Ler um livro, no meu caso particular, é também voltar ao tempo em que estava no ativo, recordando os quase trinta anos a cheirar a tinta da impressora rotativa, o toque dos jornais já impressos nos meus dedos, a verificação exaustiva dos registos para que nada falha-se, a luta diária contra o tempo para que os jornais estivessem na rua quando  a grande maioria das pessoas ainda dormia.

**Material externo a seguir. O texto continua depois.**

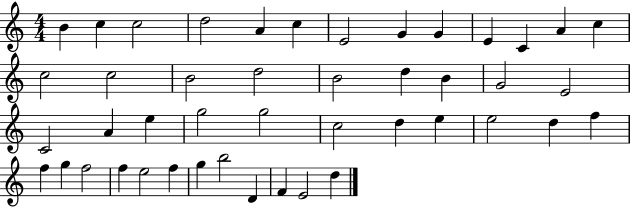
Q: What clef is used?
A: treble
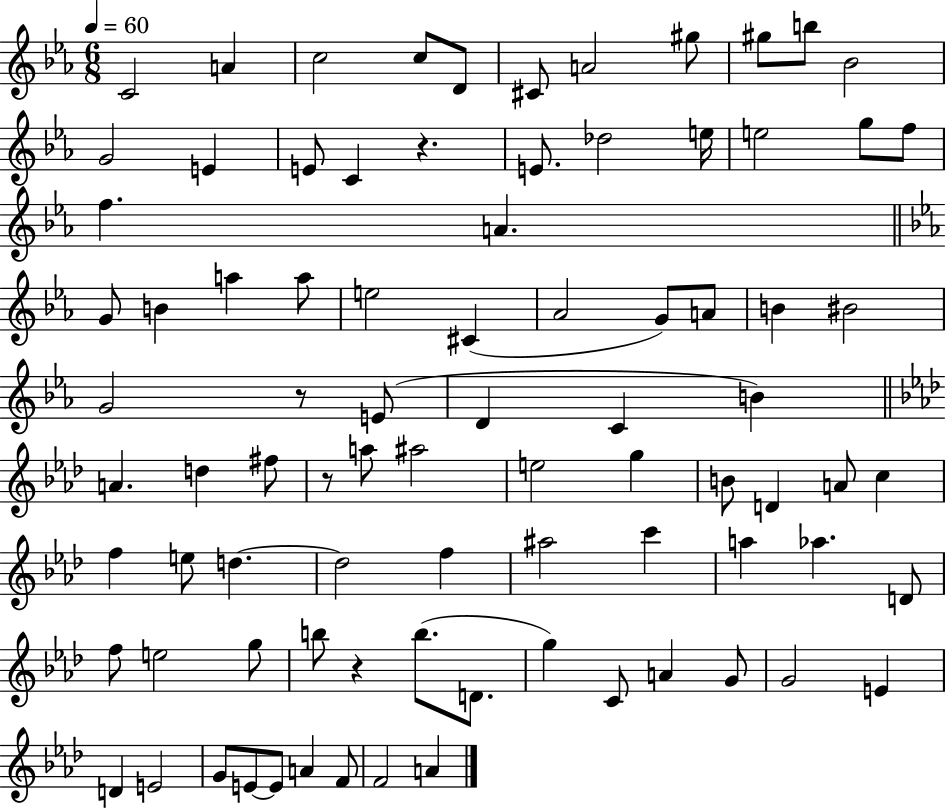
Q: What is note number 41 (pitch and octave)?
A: D5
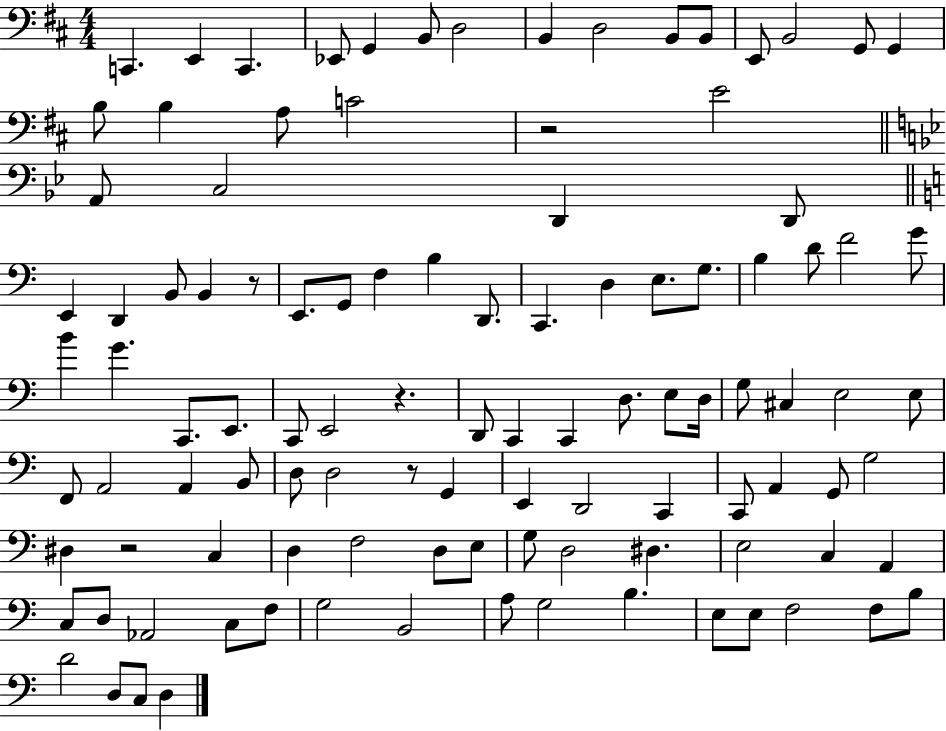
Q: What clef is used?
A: bass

hoje temos uma nova forma de ler é verdade, mas o livro há-de ser sempre o livro, o livro vai continuar a ser o dono de vários locais cá em casa, no livreiro, na mesa da sala de estar, na mesa de cabeceira e até na cozinha, onde há uma coleção de livros de culinária,, continua a ter o seu lugar na mochila ou na mala se for sair...

acabo este desabafo manifestando o meu profundo desacordo em relação ao fecho das livrarias.

como diz o título deste desabafo; quem não tem cão caça com gato, caçar com gato ou caçar como o gato, as duas formas de expressão vão de encontro ao mesmo objetivo, ler, se não em papel, o cão, então ler digital, o tal gato, a caça não para, a leitura também não.  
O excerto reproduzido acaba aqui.